What is being asked:
Give the data below again exactly, and drop each picture from it.

Supplied information:

*** Block opens ***

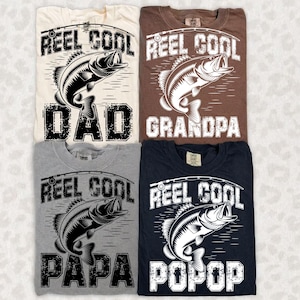 Puede incluir: Cuatro camisetas en crema, marr&oacute;n, gris y azul marino, cada una con un dise&ntilde;o de pesca. El dise&ntilde;o incluye las palabras "Reel Cool" encima de una ilustraci&oacute;n de pez, y las palabras "Dad", "Grandpa", "Papa" y "Popop" debajo.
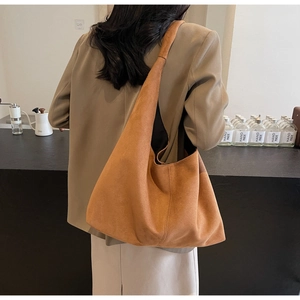 Sac hobo en daim marron porté à l'épaule dans le décor élégant d'un café
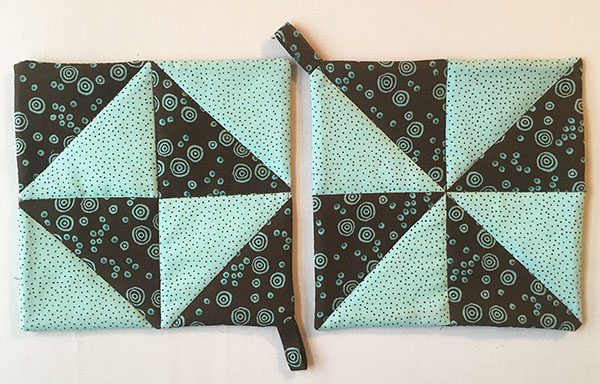 Half-Square Triangle Potholder Tutorial: A super easy beginner project. Plus she shows you a bunch of great tricks for making half square triangles fast and easy!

*** Block closes ***

Solution to this exercise:
 Puede incluir: Cuatro camisetas en crema, marr&oacute;n, gris y azul marino, cada una con un dise&ntilde;o de pesca. El dise&ntilde;o incluye las palabras "Reel Cool" encima de una ilustraci&oacute;n de pez, y las palabras "Dad", "Grandpa", "Papa" y "Popop" debajo.
 Sac hobo en daim marron porté à l'épaule dans le décor élégant d'un café
 Half-Square Triangle Potholder Tutorial: A super easy beginner project. Plus she shows you a bunch of great tricks for making half square triangles fast and easy!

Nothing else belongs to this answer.